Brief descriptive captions
BEGIN

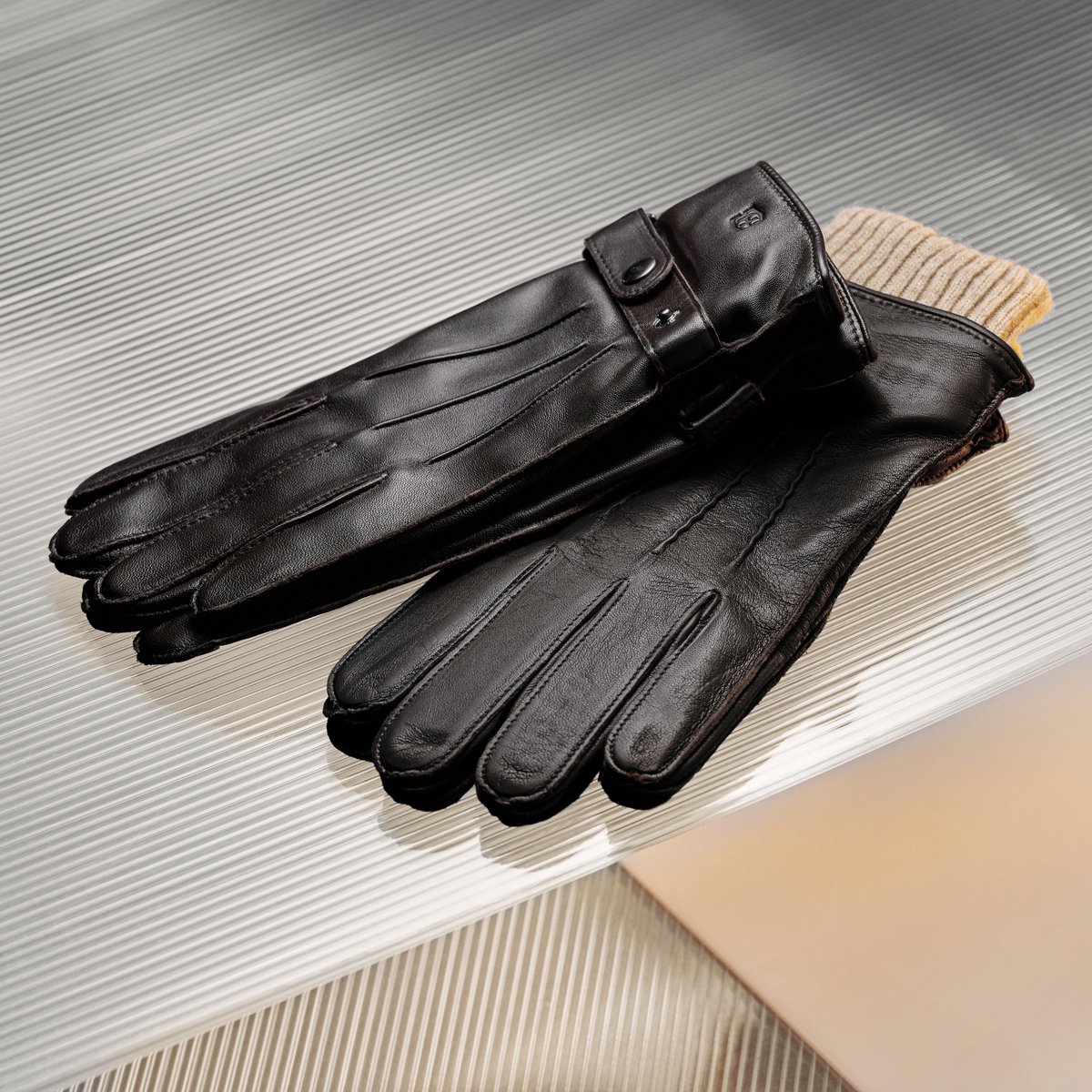 Zwarte Handschoenen van Schapenleer met Manchetten voor Touchscreens
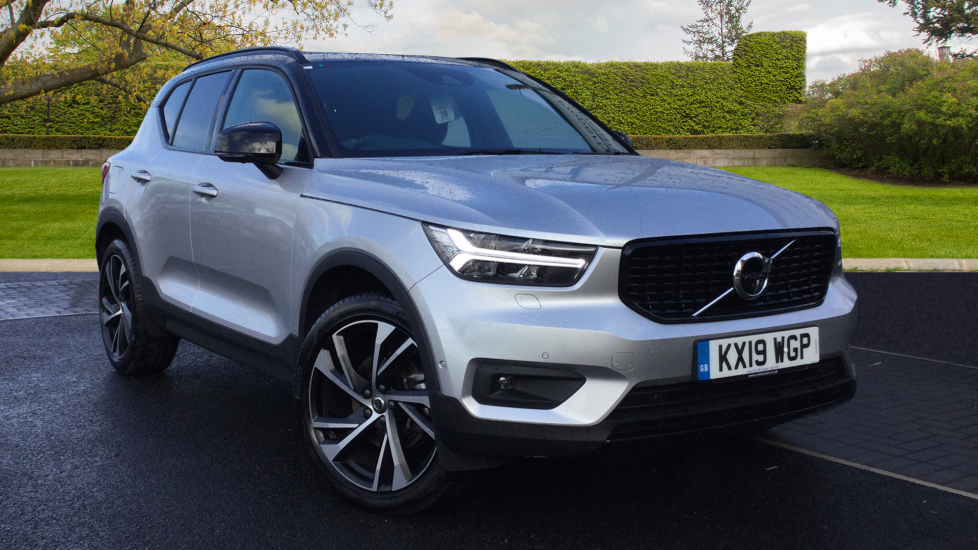 Nearly New Xc40 Volvo 2 0 T4 R Design Pro 5dr Awd Geartronic 2019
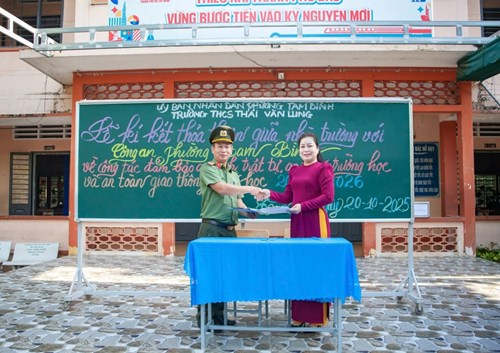 💐💐💐
🏫 phối hợp tổ chức lễ kí kết thỏa thuận 
giữa trường thcs thái văn lung với công an phường tam bình
về công tác đảm bảo an ninh trật tự, an toàn trường học 
và an toàn giao thông năm học 2025 - 2026🚦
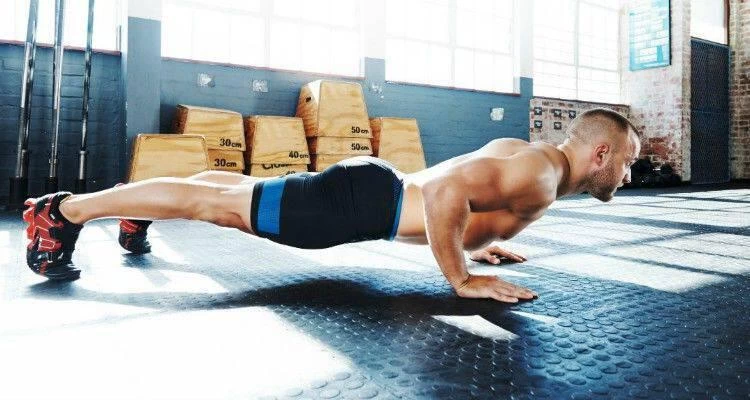 Ελληνική μελέτη: Πώς συνδέεται η μυική μάζα με τον κίνδυνο εμφράγματος ή εγκεφαλικού επεισοδίου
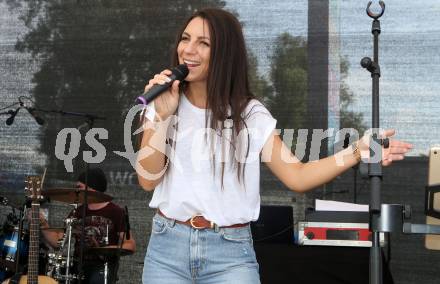 Fussball 2. Liga. Eroeffnungsfeier SK Austria Klagenfurt.   Stephanie Davis. Klagenfurt, am 13.7.2019.
Foto: Kuess
---
pressefotos, pressefotografie, kuess, qs, qspictures, sport, bild, bilder, bilddatenbank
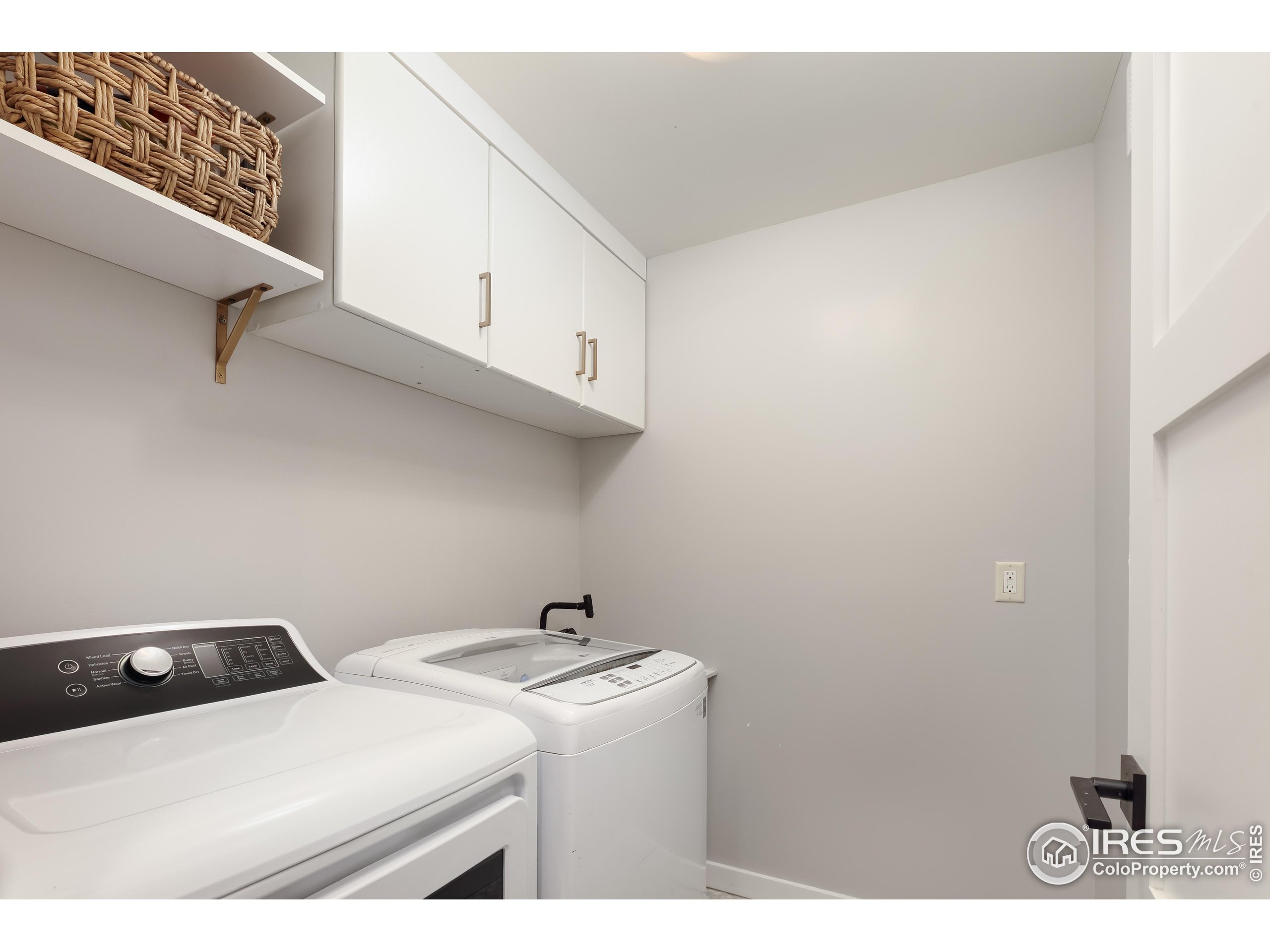 Lyons, Colorado, 80540, United States, 4 Bedrooms Bedrooms, ,2 BathroomsBathrooms,Residential,For Sale,1926189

END

Set down all of the entries precisely and keep the pictures out of the copy.

 Zwarte Handschoenen van Schapenleer met Manchetten voor Touchscreens
 Nearly New Xc40 Volvo 2 0 T4 R Design Pro 5dr Awd Geartronic 2019
 💐💐💐
🏫 phối hợp tổ chức lễ kí kết thỏa thuận 
giữa trường thcs thái văn lung với công an phường tam bình
về công tác đảm bảo an ninh trật tự, an toàn trường học 
và an toàn giao thông năm học 2025 - 2026🚦
 Ελληνική μελέτη: Πώς συνδέεται η μυική μάζα με τον κίνδυνο εμφράγματος ή εγκεφαλικού επεισοδίου
 Fussball 2. Liga. Eroeffnungsfeier SK Austria Klagenfurt.   Stephanie Davis. Klagenfurt, am 13.7.2019.
Foto: Kuess
---
pressefotos, pressefotografie, kuess, qs, qspictures, sport, bild, bilder, bilddatenbank
 Lyons, Colorado, 80540, United States, 4 Bedrooms Bedrooms, ,2 BathroomsBathrooms,Residential,For Sale,1926189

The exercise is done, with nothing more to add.